### WHAT IS NEEDED
Exactly as they appear, output all of the records. Skip any images.

(Web page caption snippets)
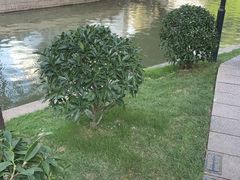 -广东花都湖国家湿地公园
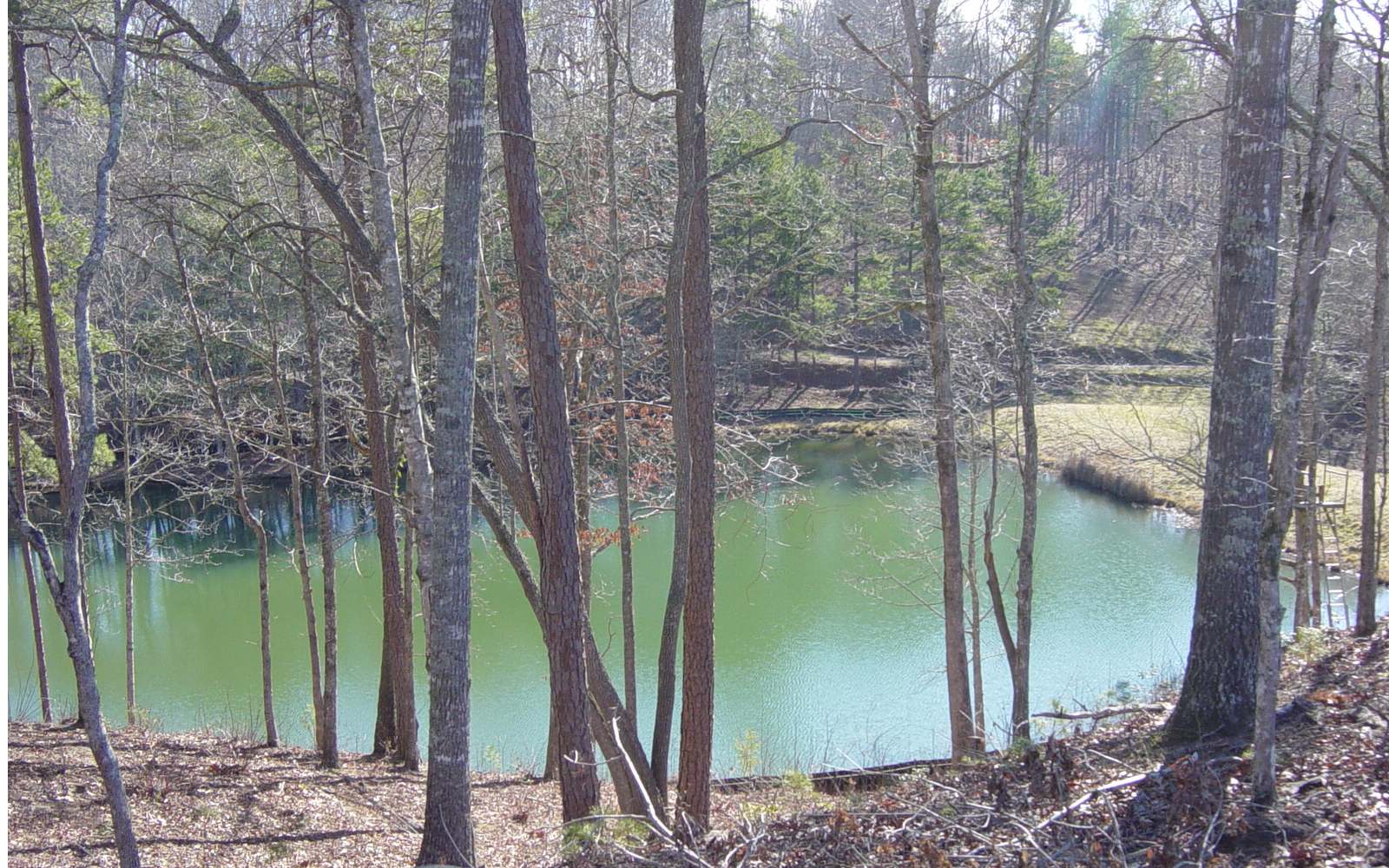 Beautiful Lot 1.34 acres in gated upscale quiet neighborhood in Blairsville, Ga. It has a gorgeous pond/lake out back. This Lot has improvements and is ready to build your dream home. Some pictures shown are of it cleared, it is currently wooded. There is a commons area in the neighborhood with picnic tables and platform deck down by the pond/lake. Mountain Views make this perfect.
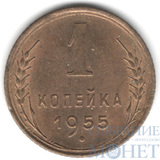 1 копейка, 1955 г.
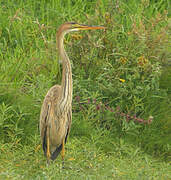 Purple Heron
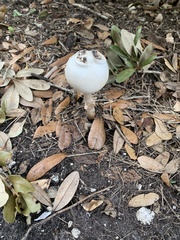 Agaricaceae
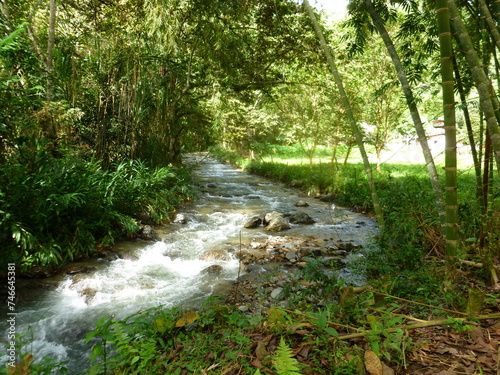 Small river in the forest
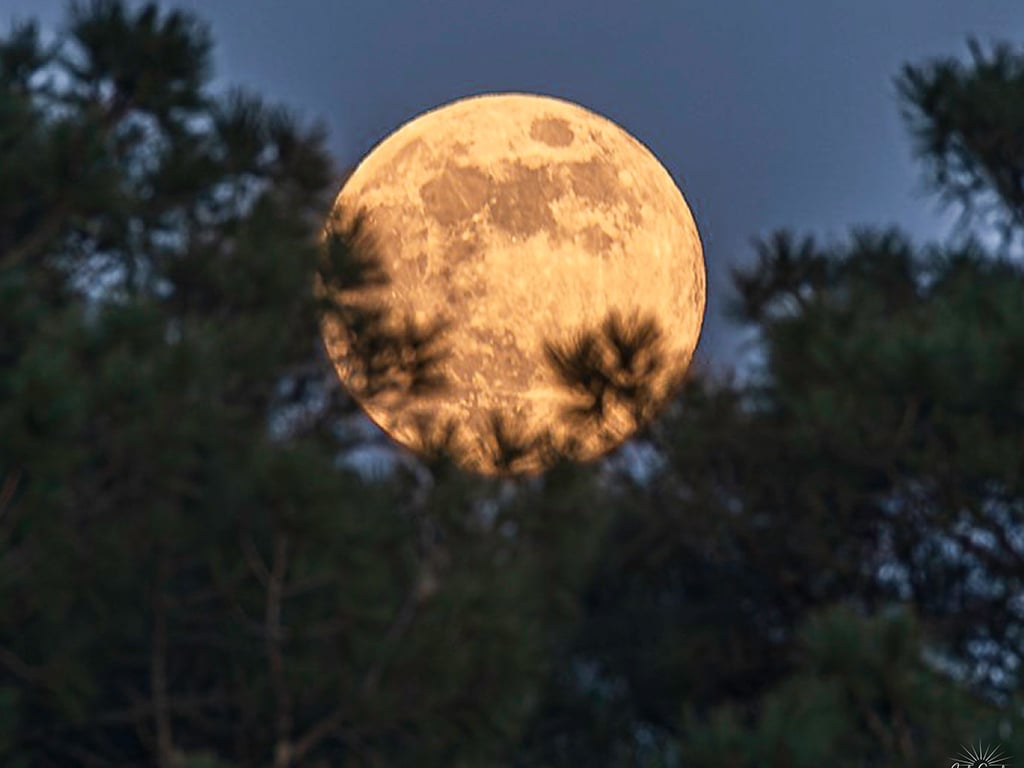 Observation du ciel nocturne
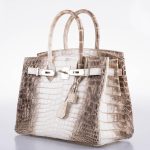 Hermes Birkin 30 Matte Himalayan Niloticus Crocodile Palladium Hardware - 2010, N Square - Image 7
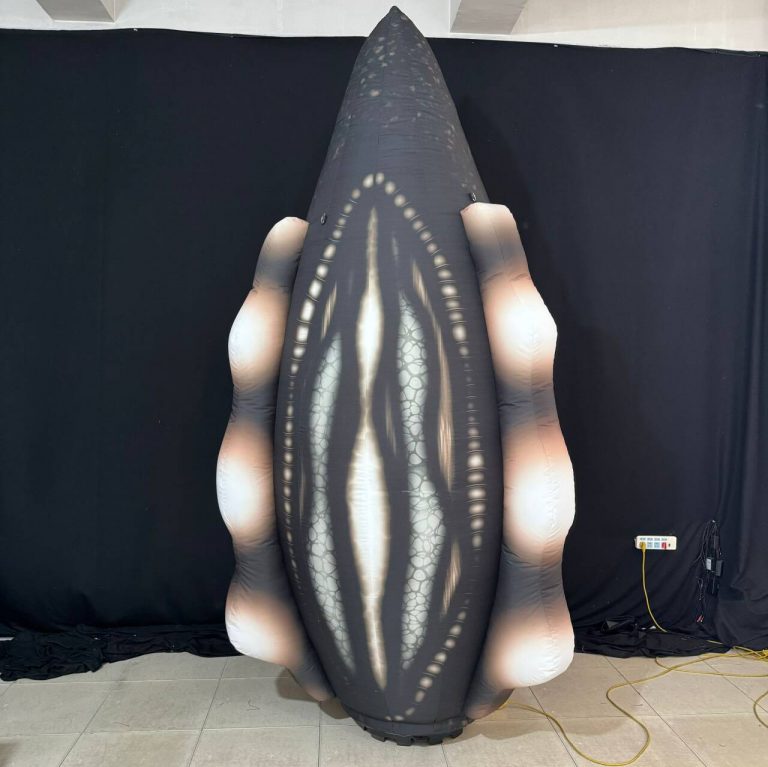2m inflatable conch inflatable custom marine wildlife decorations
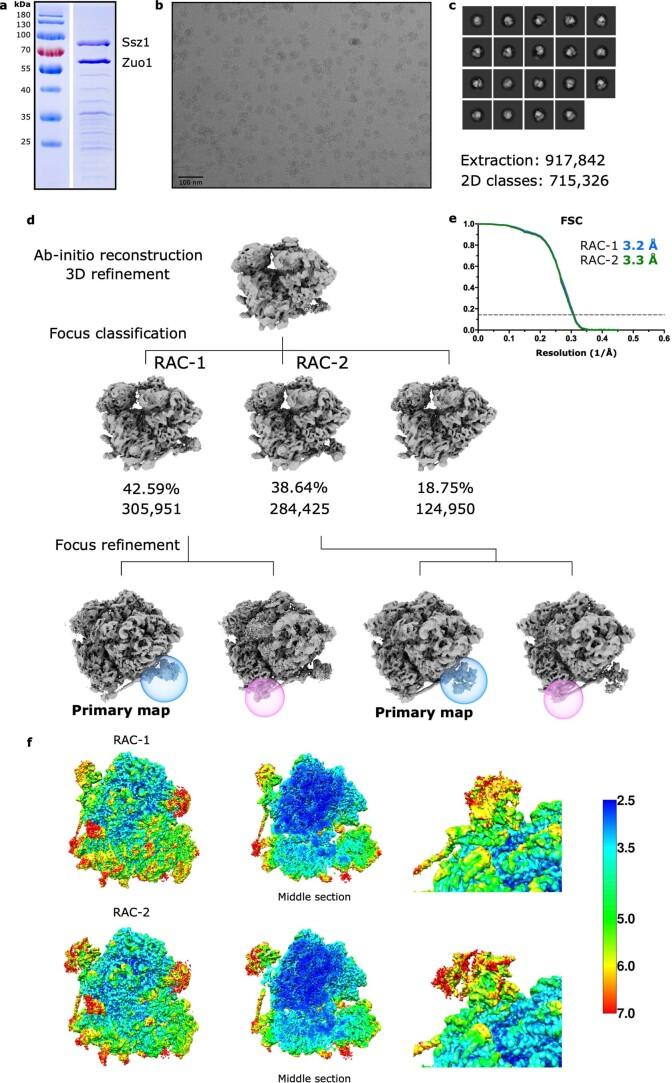 https://cdn.ncbi.nlm.nih.gov/pmc/blobs/224d/10191838/3cee633f4d01/41594_2023_973_Fig5_ESM.jpg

### RESPONSE TO THIS TASK
 -广东花都湖国家湿地公园
 Beautiful Lot 1.34 acres in gated upscale quiet neighborhood in Blairsville, Ga. It has a gorgeous pond/lake out back. This Lot has improvements and is ready to build your dream home. Some pictures shown are of it cleared, it is currently wooded. There is a commons area in the neighborhood with picnic tables and platform deck down by the pond/lake. Mountain Views make this perfect.
 1 копейка, 1955 г.
 Purple Heron
 Agaricaceae
 Small river in the forest
 Observation du ciel nocturne
 Hermes Birkin 30 Matte Himalayan Niloticus Crocodile Palladium Hardware - 2010, N Square - Image 7
2m inflatable conch inflatable custom marine wildlife decorations
 https://cdn.ncbi.nlm.nih.gov/pmc/blobs/224d/10191838/3cee633f4d01/41594_2023_973_Fig5_ESM.jpg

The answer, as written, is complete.